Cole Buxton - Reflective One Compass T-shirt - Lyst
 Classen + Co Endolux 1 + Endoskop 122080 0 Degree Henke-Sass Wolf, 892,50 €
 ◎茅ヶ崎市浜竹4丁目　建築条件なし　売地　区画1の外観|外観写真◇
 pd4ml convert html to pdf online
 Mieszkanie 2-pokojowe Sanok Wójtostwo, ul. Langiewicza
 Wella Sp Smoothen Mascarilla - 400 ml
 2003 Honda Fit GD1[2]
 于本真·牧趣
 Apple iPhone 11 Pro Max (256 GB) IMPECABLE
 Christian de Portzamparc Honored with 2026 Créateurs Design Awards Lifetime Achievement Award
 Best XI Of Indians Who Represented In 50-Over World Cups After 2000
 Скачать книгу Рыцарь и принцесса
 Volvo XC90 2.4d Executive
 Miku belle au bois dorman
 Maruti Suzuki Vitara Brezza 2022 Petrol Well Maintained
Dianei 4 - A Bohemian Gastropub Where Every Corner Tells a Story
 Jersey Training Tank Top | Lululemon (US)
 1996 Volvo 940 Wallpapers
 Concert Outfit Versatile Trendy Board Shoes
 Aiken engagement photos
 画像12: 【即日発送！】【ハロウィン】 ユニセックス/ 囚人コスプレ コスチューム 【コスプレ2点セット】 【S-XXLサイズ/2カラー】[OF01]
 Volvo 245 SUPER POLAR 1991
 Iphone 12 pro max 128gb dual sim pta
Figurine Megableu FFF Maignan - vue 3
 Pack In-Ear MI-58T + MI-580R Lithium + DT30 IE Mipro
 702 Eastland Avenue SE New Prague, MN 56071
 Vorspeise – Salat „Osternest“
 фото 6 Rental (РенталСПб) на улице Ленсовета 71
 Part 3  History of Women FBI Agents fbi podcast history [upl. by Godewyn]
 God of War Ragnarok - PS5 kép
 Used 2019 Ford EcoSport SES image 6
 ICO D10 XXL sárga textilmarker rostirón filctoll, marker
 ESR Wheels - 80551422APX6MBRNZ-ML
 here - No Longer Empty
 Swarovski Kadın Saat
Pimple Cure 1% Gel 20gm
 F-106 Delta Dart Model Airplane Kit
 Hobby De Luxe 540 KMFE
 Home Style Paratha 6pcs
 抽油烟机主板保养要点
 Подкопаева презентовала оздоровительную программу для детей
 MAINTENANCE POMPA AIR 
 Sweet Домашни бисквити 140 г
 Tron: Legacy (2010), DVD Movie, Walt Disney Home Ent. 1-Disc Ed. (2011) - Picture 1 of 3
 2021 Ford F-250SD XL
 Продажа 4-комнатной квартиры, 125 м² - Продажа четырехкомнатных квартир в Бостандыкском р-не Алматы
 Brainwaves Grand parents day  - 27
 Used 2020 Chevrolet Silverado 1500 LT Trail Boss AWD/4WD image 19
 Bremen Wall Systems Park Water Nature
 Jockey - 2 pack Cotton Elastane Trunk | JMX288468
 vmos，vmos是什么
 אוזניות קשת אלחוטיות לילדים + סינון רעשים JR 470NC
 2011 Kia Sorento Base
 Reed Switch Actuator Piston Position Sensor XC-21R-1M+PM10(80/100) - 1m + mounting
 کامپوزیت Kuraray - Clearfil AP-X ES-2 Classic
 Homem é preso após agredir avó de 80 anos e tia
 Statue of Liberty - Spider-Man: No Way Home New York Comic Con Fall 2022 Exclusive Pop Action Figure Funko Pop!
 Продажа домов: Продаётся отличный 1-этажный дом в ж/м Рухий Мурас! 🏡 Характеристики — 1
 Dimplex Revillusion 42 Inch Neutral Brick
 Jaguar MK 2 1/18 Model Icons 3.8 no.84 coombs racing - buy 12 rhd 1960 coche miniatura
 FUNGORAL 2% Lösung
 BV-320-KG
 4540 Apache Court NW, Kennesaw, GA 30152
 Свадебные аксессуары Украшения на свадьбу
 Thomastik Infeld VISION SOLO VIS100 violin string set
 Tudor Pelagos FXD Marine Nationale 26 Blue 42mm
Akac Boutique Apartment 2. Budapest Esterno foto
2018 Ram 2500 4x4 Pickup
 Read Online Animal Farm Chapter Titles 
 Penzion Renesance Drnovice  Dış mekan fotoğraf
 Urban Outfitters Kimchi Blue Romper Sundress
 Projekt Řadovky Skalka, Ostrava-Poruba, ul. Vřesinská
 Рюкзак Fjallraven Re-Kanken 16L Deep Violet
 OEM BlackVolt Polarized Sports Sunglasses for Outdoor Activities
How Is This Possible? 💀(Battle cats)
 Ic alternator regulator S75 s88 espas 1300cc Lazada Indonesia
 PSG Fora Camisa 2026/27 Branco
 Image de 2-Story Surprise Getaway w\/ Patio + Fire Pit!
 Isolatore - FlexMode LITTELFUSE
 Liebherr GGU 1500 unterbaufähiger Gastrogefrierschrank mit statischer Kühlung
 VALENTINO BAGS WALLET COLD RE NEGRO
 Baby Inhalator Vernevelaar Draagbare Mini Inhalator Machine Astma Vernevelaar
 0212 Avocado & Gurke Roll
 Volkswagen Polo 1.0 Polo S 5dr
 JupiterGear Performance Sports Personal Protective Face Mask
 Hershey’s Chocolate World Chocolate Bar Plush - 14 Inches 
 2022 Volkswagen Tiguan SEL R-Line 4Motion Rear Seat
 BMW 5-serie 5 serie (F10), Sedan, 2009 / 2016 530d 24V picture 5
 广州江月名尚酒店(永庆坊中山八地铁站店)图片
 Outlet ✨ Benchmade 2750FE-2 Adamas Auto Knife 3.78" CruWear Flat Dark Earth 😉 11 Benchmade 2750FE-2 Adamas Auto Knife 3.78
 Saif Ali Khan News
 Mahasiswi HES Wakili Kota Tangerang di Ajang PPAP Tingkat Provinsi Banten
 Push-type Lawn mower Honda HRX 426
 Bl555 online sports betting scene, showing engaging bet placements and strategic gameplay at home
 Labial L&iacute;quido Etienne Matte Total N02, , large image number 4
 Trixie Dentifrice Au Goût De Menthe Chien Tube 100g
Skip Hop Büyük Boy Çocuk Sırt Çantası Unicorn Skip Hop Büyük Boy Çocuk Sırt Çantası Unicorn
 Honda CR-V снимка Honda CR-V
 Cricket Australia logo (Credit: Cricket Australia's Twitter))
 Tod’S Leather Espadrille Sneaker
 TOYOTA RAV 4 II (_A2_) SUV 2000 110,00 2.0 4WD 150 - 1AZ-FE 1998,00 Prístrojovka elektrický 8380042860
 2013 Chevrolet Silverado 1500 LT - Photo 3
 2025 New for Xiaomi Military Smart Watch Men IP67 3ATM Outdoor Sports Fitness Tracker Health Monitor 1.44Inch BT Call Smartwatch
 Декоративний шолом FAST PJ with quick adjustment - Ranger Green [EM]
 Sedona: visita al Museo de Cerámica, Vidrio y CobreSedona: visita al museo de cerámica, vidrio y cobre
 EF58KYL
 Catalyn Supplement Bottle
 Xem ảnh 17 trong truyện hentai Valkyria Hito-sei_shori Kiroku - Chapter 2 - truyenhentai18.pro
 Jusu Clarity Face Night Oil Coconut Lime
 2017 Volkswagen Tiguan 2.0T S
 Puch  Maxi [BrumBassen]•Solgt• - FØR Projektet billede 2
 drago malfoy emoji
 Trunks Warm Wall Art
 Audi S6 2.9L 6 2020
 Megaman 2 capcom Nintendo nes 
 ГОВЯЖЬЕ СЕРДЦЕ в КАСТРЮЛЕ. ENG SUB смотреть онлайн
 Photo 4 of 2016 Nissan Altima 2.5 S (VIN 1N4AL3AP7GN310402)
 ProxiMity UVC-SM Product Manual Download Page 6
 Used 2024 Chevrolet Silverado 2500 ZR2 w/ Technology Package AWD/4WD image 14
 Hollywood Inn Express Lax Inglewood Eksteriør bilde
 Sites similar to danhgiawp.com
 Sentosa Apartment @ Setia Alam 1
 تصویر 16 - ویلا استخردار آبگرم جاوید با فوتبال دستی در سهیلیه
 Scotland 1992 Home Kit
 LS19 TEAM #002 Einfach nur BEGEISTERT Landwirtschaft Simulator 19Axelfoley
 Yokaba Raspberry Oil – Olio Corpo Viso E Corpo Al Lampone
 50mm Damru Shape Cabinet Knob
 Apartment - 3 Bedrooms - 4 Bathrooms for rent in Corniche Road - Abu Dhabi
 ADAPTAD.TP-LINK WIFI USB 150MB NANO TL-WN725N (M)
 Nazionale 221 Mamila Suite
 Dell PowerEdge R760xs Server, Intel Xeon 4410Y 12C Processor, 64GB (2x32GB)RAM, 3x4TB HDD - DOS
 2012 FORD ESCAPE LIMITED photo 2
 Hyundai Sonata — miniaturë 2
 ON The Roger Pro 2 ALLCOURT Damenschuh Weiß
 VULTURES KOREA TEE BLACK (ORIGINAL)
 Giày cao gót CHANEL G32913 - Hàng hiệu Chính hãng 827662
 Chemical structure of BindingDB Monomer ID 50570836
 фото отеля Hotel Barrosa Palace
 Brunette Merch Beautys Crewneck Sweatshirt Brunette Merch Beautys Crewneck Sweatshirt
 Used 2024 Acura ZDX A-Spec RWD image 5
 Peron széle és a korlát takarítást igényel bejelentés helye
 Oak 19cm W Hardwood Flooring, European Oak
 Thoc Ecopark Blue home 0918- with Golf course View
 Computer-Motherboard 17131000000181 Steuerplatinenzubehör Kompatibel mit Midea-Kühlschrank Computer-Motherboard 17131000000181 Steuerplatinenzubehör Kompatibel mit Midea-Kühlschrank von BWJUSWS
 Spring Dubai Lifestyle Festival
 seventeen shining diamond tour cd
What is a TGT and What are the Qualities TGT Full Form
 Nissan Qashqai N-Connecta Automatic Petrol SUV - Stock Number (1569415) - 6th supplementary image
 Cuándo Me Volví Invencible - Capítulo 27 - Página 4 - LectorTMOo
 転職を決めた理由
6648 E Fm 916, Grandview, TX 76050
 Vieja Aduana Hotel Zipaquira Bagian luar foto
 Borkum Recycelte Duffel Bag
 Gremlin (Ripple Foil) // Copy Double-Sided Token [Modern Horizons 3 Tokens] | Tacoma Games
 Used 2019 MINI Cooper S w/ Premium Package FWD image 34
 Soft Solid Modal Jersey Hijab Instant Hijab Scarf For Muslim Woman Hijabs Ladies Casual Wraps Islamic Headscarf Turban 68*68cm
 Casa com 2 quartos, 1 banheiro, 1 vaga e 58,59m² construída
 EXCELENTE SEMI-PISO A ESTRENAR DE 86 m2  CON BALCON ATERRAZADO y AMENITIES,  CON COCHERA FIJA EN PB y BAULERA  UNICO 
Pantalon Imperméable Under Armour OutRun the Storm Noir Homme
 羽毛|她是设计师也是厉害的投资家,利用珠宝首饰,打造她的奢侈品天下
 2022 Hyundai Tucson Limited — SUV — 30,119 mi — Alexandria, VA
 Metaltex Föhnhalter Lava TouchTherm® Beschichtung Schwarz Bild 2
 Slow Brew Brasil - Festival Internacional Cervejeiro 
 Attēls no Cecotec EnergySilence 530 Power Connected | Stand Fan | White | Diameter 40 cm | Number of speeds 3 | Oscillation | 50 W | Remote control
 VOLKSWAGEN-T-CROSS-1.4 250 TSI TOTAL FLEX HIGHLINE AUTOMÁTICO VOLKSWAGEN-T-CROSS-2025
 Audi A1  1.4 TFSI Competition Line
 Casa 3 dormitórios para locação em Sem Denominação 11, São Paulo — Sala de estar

+--

Write down exactly the span of lines above from the one containing "2011 Kia Sorento Base" to the one containing "Dimplex Revillusion 42 Inch Neutral Brick", both ends included.

> [ANSWER TO THE PROBLEM]:
 2011 Kia Sorento Base
 Reed Switch Actuator Piston Position Sensor XC-21R-1M+PM10(80/100) - 1m + mounting
 کامپوزیت Kuraray - Clearfil AP-X ES-2 Classic
 Homem é preso após agredir avó de 80 anos e tia
 Statue of Liberty - Spider-Man: No Way Home New York Comic Con Fall 2022 Exclusive Pop Action Figure Funko Pop!
 Продажа домов: Продаётся отличный 1-этажный дом в ж/м Рухий Мурас! 🏡 Характеристики — 1
 Dimplex Revillusion 42 Inch Neutral Brick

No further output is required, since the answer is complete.